ASSIGNMENT:
Write out exactly the lines from the one with "Multipower MP4,5-12" through the last line of the data below, but not the pictures.

INPUT DATA:
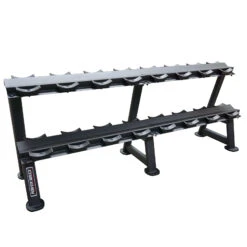 Power Maxx 8 Pair Dumbbell Rack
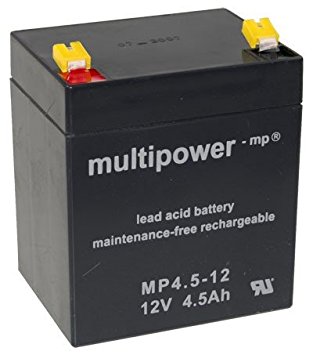 Multipower MP4,5-12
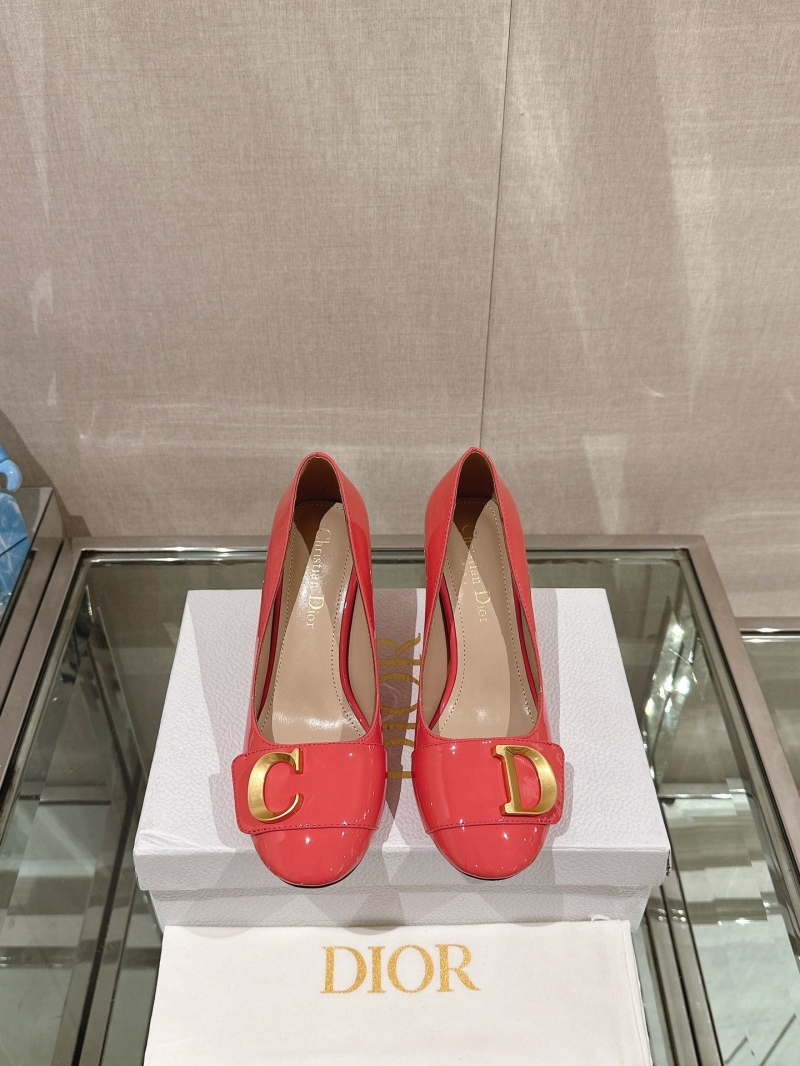 Christian Dior Heeled Shoes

SOLUTION TO THIS EXERCISE:
 Multipower MP4,5-12
 Christian Dior Heeled Shoes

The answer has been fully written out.